Numerical investigation of the Fourier–Kochin theory for wave-induced response estimation of floating structures

Abstract

The Fourier–Kochin theory—an indirect solution approach for the boundary integral representations of free-surface flows that rely on free-surface Green function—is investigated by considering effective computation and reliable prediction. The present study addresses wave–body interaction with zero forward speed by adopting a higher-order approximation. Three distinct hull forms, the DTMB 5415, a scaled model reproduced from it, and a barge are used for practical application. The scaled frigate and barge models are used for comparative analysis to assess the performance of different computation techniques, modeling elements, and solution methods and to find the best course; the purpose of studying DTMB 5415 is to provide a realistic application based on a full-scale hull form by using the findings of the earlier benchmark studies.
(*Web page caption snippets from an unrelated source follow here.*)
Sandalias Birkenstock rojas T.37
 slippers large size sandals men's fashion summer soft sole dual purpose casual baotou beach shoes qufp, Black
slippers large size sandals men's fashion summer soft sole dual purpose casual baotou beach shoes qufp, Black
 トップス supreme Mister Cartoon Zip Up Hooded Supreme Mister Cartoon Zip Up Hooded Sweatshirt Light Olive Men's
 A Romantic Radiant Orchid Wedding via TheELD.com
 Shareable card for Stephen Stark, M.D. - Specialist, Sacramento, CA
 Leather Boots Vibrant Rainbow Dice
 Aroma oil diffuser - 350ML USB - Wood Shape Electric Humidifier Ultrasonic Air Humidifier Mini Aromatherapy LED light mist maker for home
The analyses that cover both the rigid-body and elastic responses indicate that an adaptive approach for the computation of Fourier components has the potential to eliminate the numerical drawbacks of the presented implementation the Fourier–Kochin theory, but also stringently needs parallelism, preferably using the Single Program Multiple Data model. Using discontinuous elements for free-surface discretization when applying the Extended Boundary Integral Equation Method, the featured technique for irregular frequency suppression, is also promoted.